# Material provided
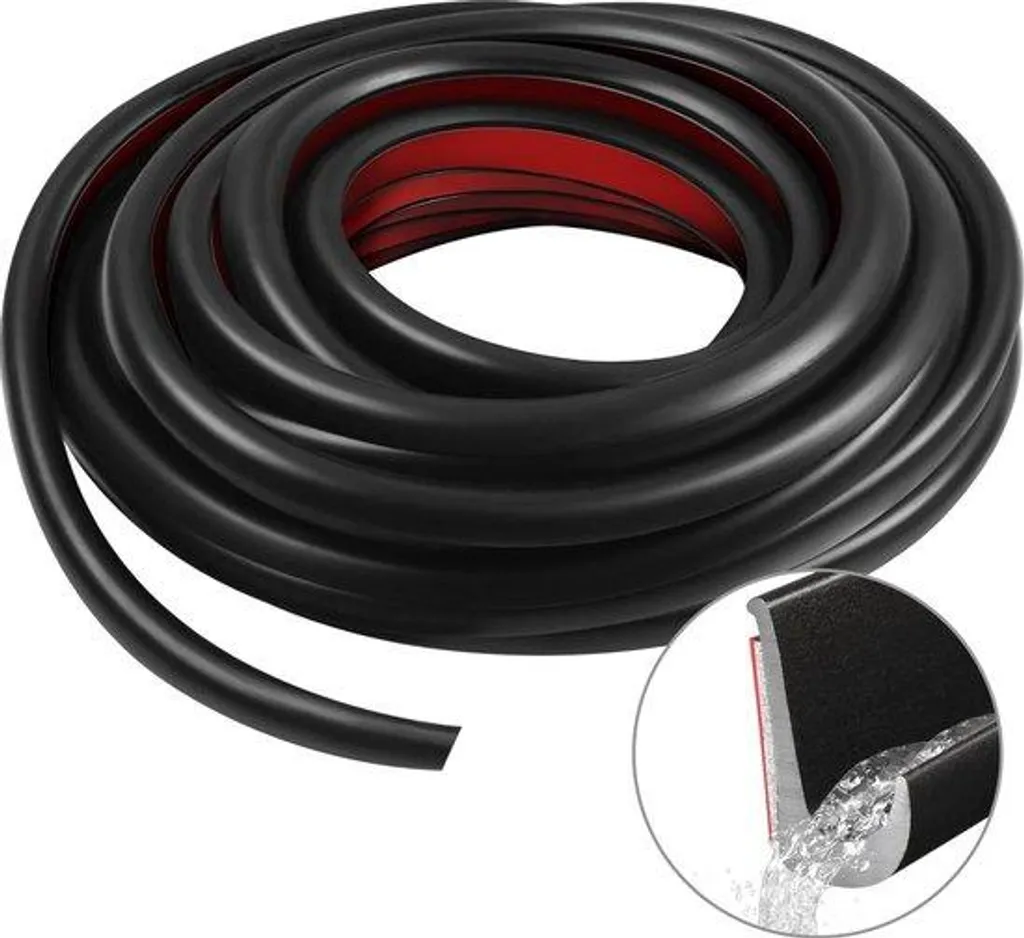 Protection de portière voiture et fourgon en inox noir 10m x 28 cm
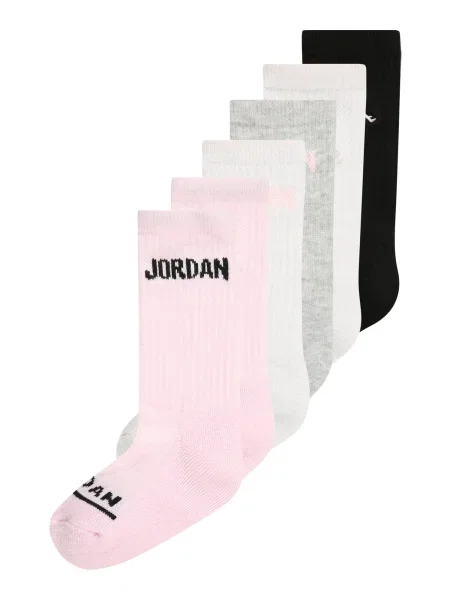 Jordan Șosete negru rosé / gri amestecat alb
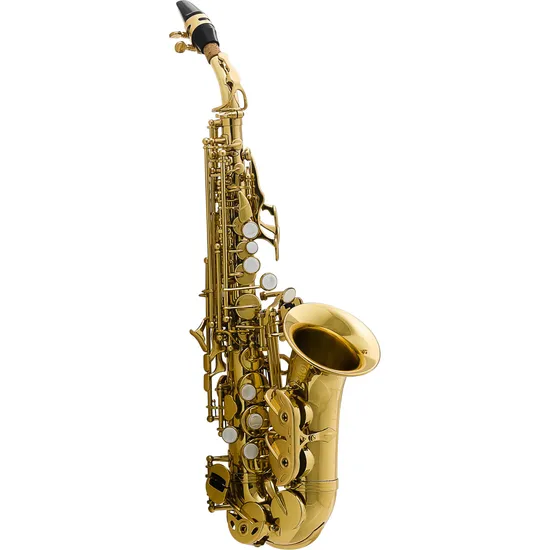 Saxofone Soprano Curvo Bb HSSC-310GL Laqueado HARMONICS (65900)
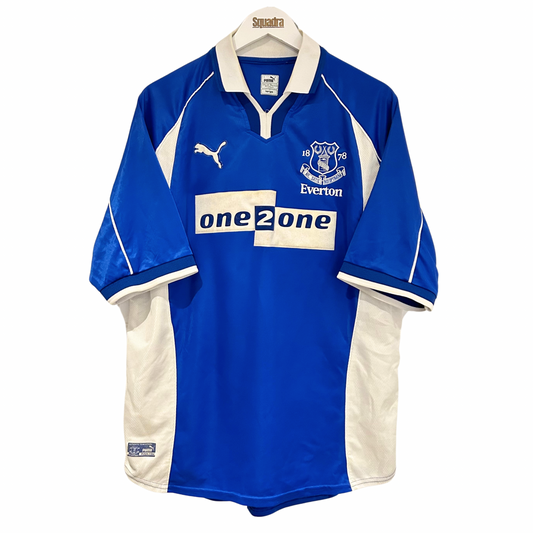 2000-02 Everton Home Shirt - Large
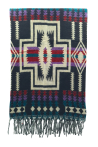 Écharpe ethnique xxl 100% polyester origine inde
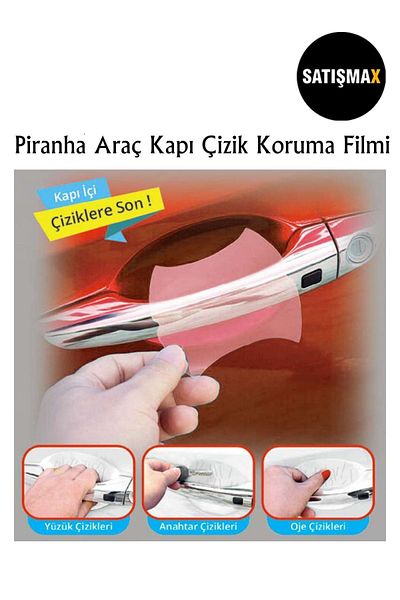 Piranha Vehicle Door Scratch Protection Film (4 PCS)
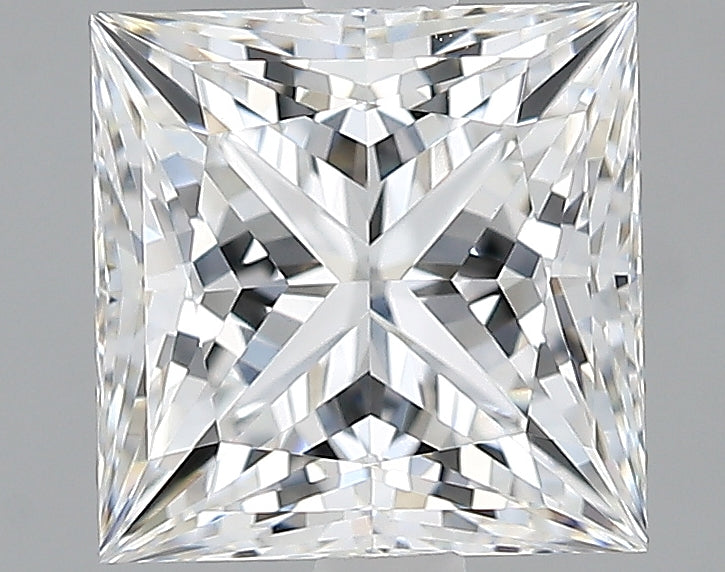 Lab-Grown 2.10 Carat Princess Cut Diamond color E Clarity VVS2, precious stones, engagement diamonds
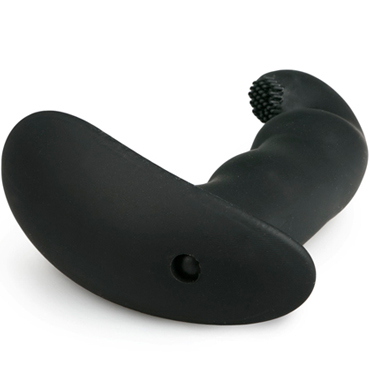 Easytoys Dynamic Duke Ribbed, черный - Стимулятор простаты с вибрацией - купить в секс шопе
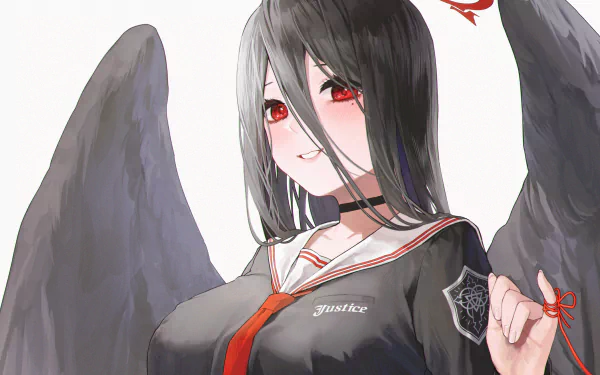 Hanekawa Hasumi video game Blue Archive HD Desktop Wallpaper | Background Image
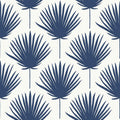 Vibrant Palm The Keys Indigo Wallpaper by Today Interiors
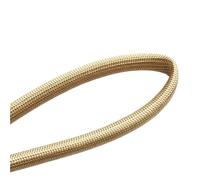 Manga de tubo de fibra de vidrio de alta temperatura de 1 a 30 mm, protección de alambre trenzado de fibra no alcalina, 1 unidad (2,5 mm x 5 m)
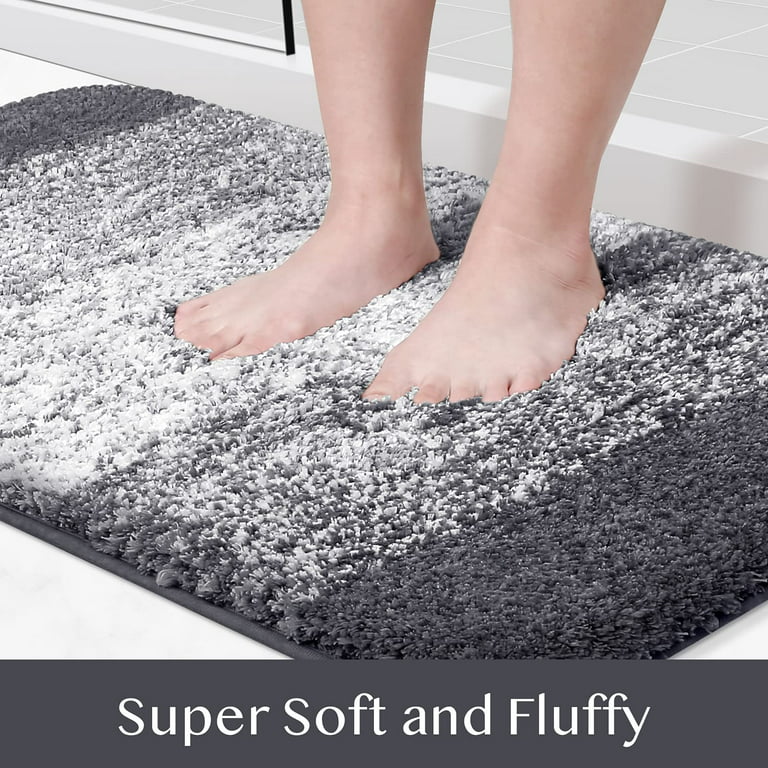 KMAT Bathroom Rugs Bath Mat,Non-Slip Fluffy Soft Plush Microfiber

# About this exercise
Nothing but the lines from the one containing "Easytoys Dynamic Duke" to the last line of the records should be returned, exactly as they appear and without pictures.

# Response
 Easytoys Dynamic Duke Ribbed, черный - Стимулятор простаты с вибрацией - купить в секс шопе
 Hanekawa Hasumi video game Blue Archive HD Desktop Wallpaper | Background Image
 Vibrant Palm The Keys Indigo Wallpaper by Today Interiors
 Manga de tubo de fibra de vidrio de alta temperatura de 1 a 30 mm, protección de alambre trenzado de fibra no alcalina, 1 unidad (2,5 mm x 5 m)
 KMAT Bathroom Rugs Bath Mat,Non-Slip Fluffy Soft Plush Microfiber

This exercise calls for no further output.